»»

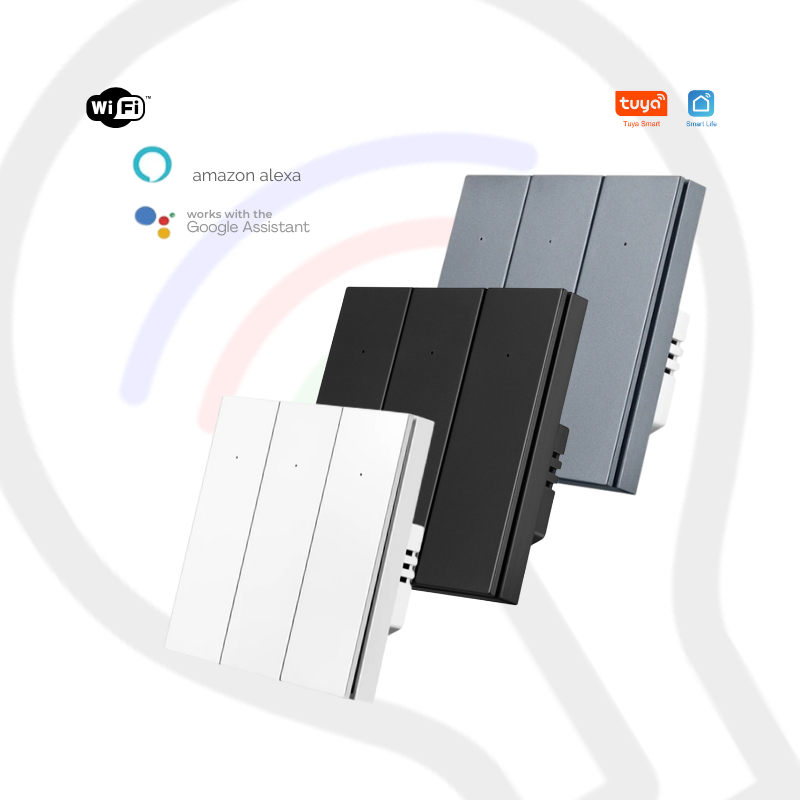 Three Gang Tuya WiFi Press Button Switch DS Three Gang Tuya WiFi Press Button Switch DS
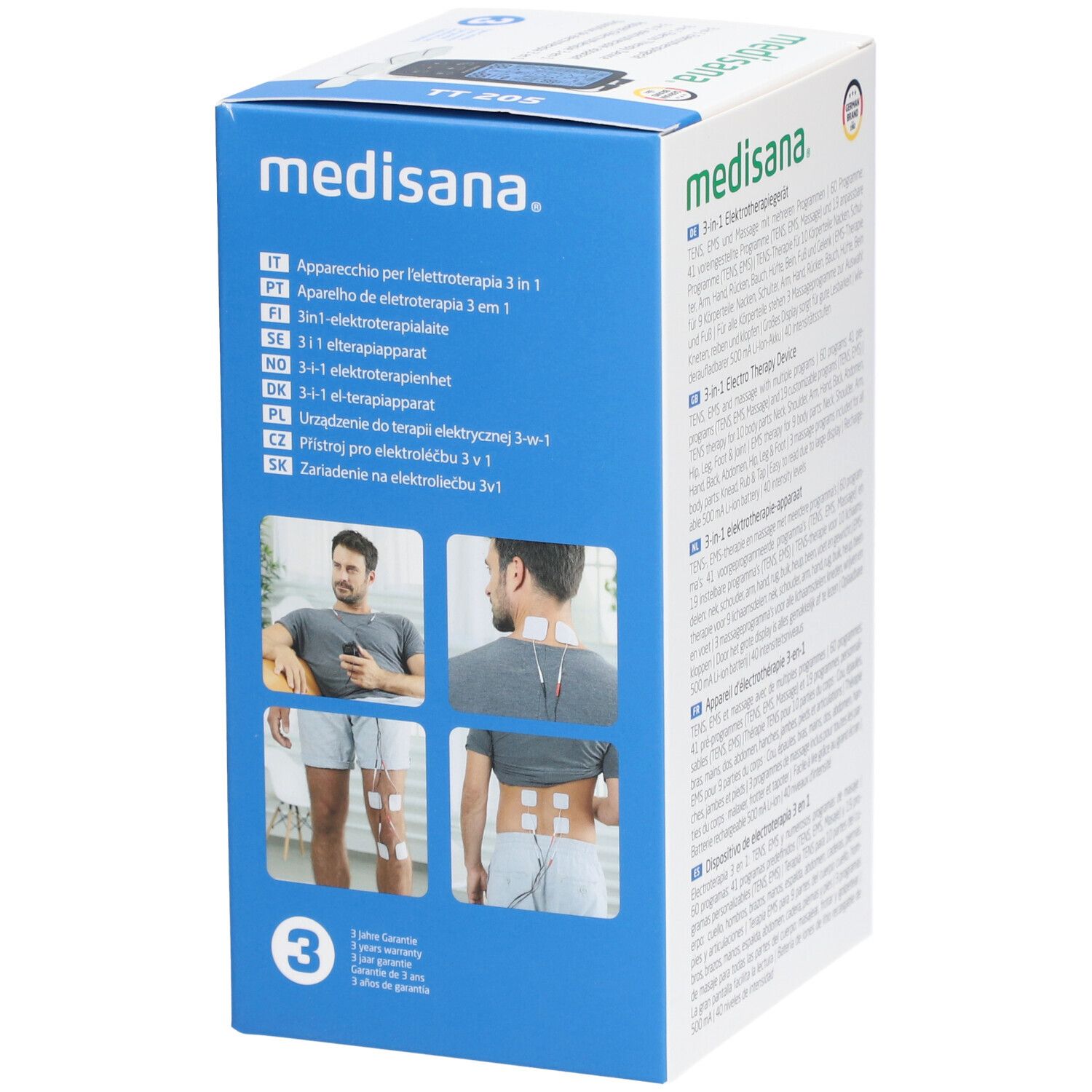 Verpakking van het elektrotherapieapparaat. Apparaat, pads. Merk: medisana. 3-in-1-apparaat. Product: TT 205. Illustraties voor gebruik.
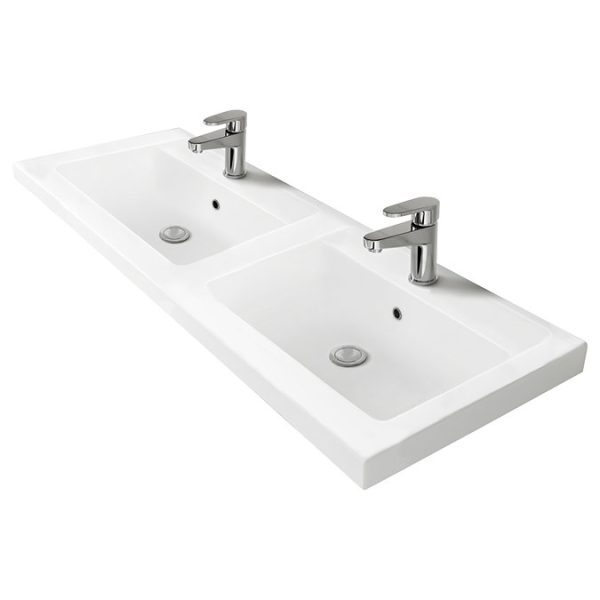 Brooklyn 1205mm Grey Avola Wall Hung 2 Drawer Double Basin Vanity Unit - Image 3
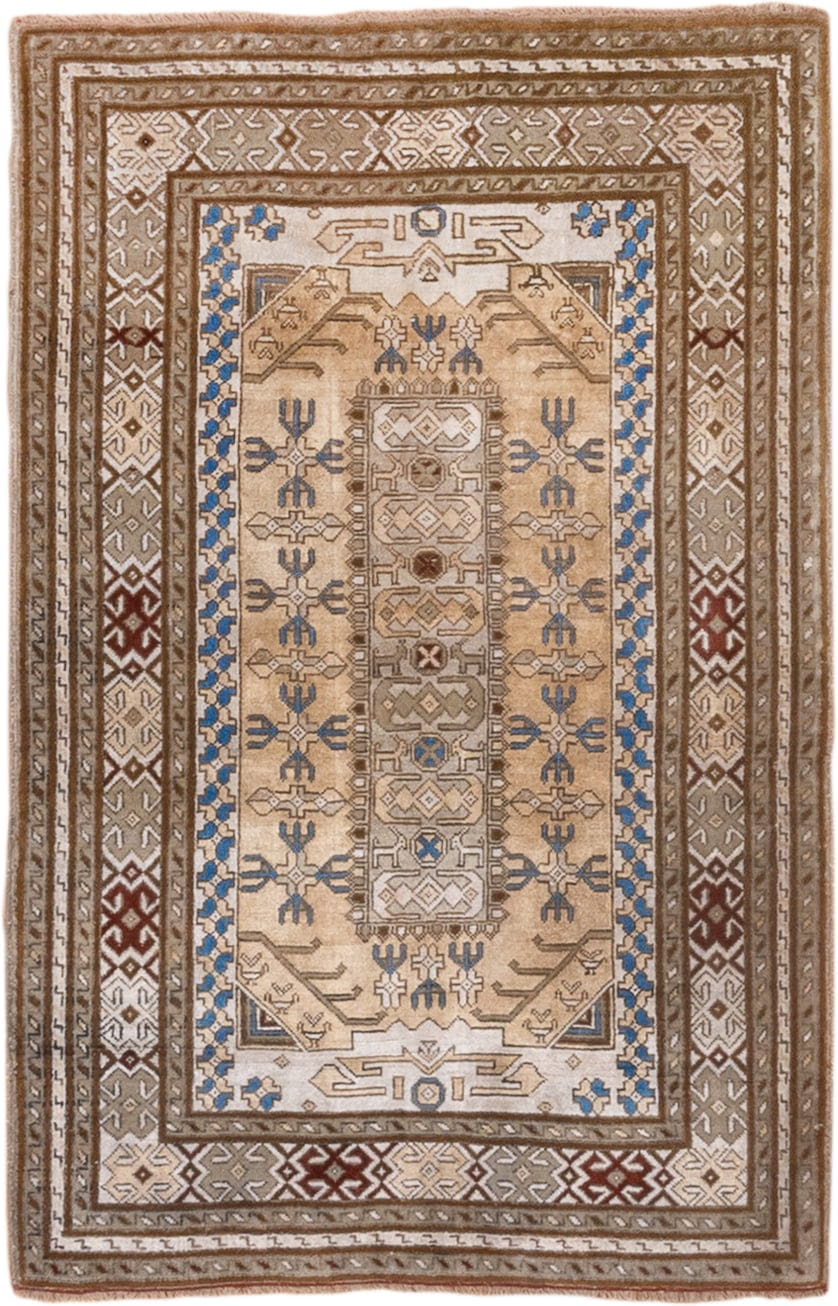2' x 4' one-of-a-kind handmade vintage Sivas small size rug. Color palette: ivory, taupe, camel, brown, blue, rust, beige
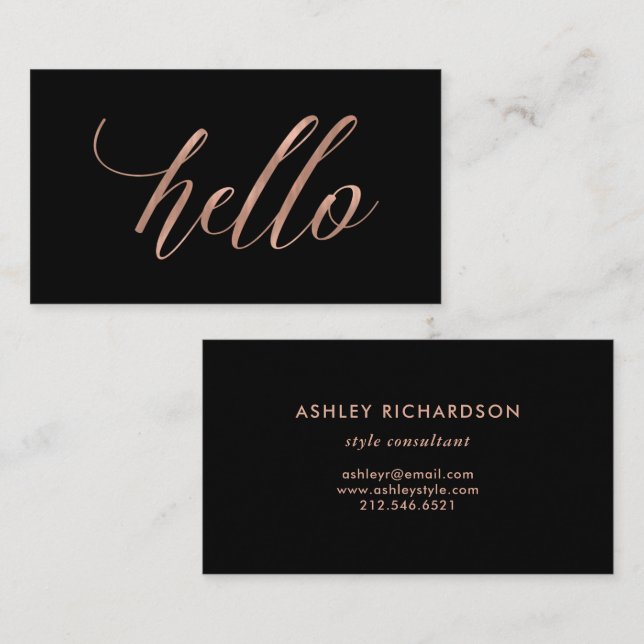 Faux Rose Gold Typography on Black | Hello Business Card (Front/Back)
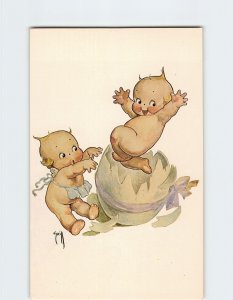 Postcard Love/Romance Greeting Card with Kewpies Egg Cartoon Art Print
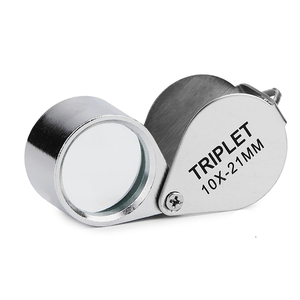 ミニハンドヘルドポケット拡大鏡折りたたみ式ハンドレンズポータブル10Xジュエラールーペジュエリーの傷検出読み取り用 - Product Image 1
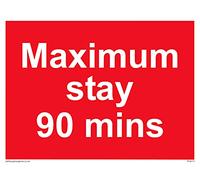 Confezione da 5 - Cartello"Maximum stay 90 mins" - 200 x 150 mm - A5L
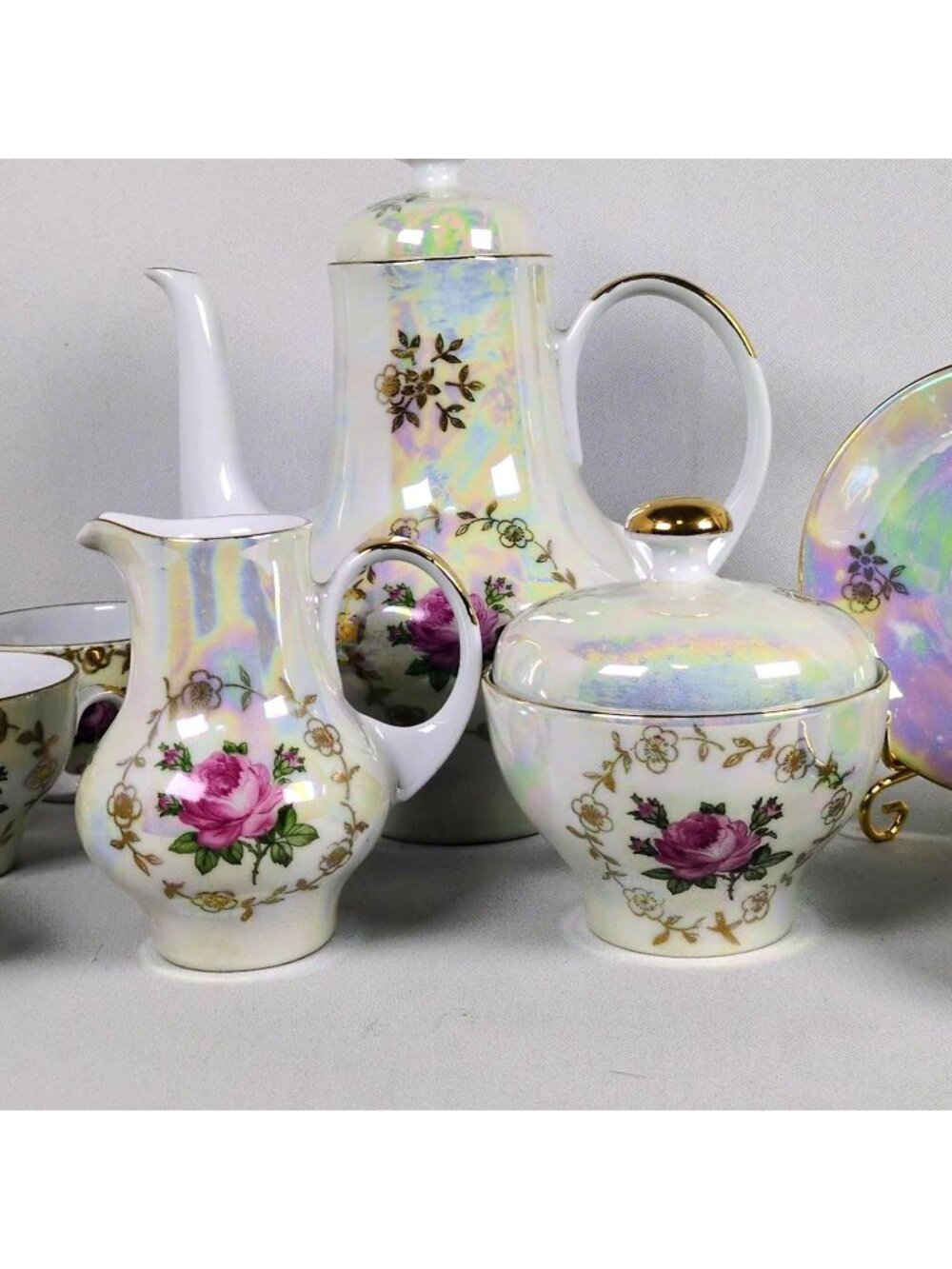 Kahla GDR Demitasse Set 17pc Iridescent Pink Rose Gold 1950s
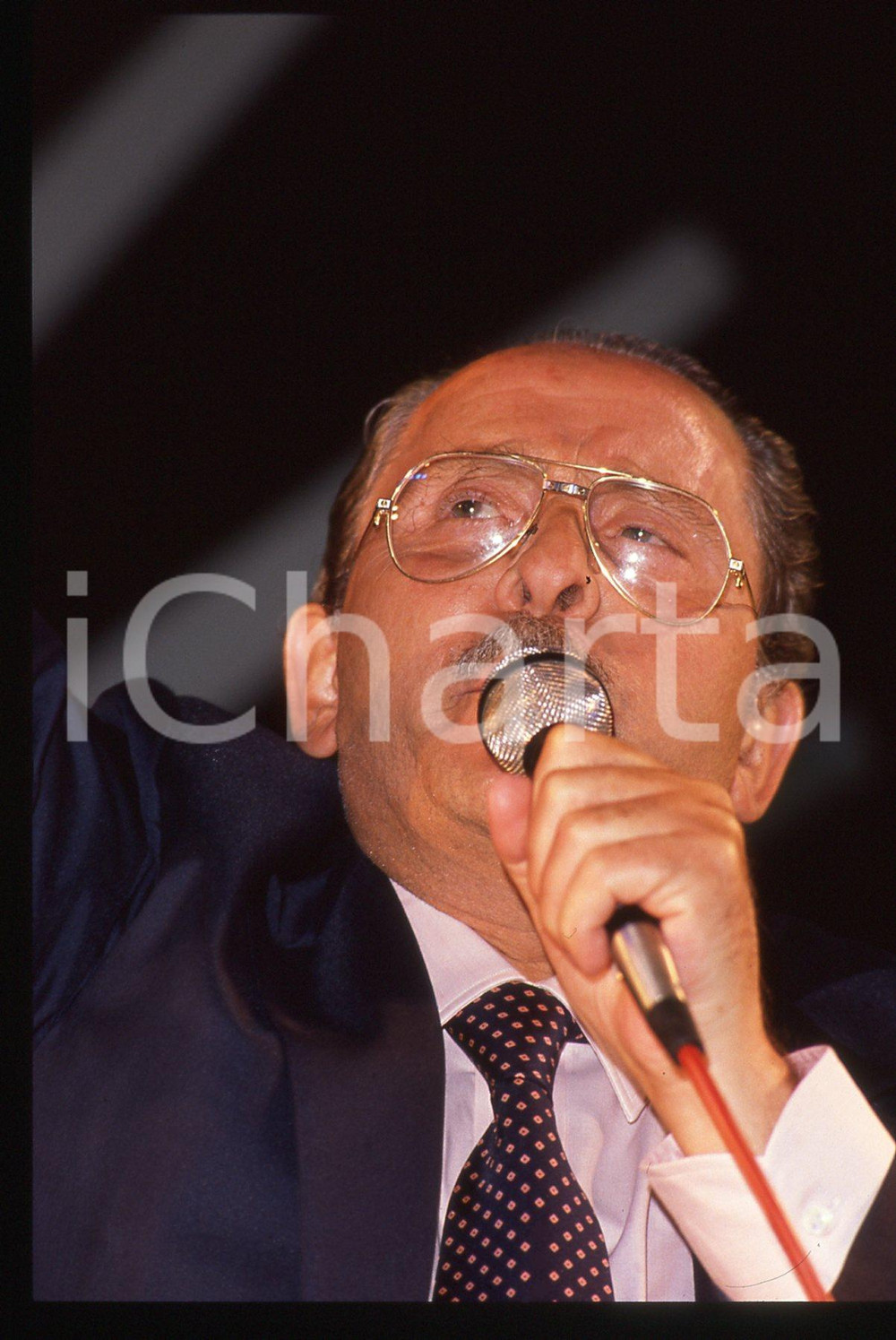 35mm vintage slide* 1989 MILANO Domenico MODUGNO canta ad un comizio del PSDI 43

««

Task objective: Please retype, exactly and with the pictures left out, the lines from the line containing "Postcard Love/Romance Greeting" through the last line of the records above.

Exercise answer:
 Postcard Love/Romance Greeting Card with Kewpies Egg Cartoon Art Print
 ミニハンドヘルドポケット拡大鏡折りたたみ式ハンドレンズポータブル10Xジュエラールーペジュエリーの傷検出読み取り用 - Product Image 1
 Confezione da 5 - Cartello"Maximum stay 90 mins" - 200 x 150 mm - A5L
 Kahla GDR Demitasse Set 17pc Iridescent Pink Rose Gold 1950s
 35mm vintage slide* 1989 MILANO Domenico MODUGNO canta ad un comizio del PSDI 43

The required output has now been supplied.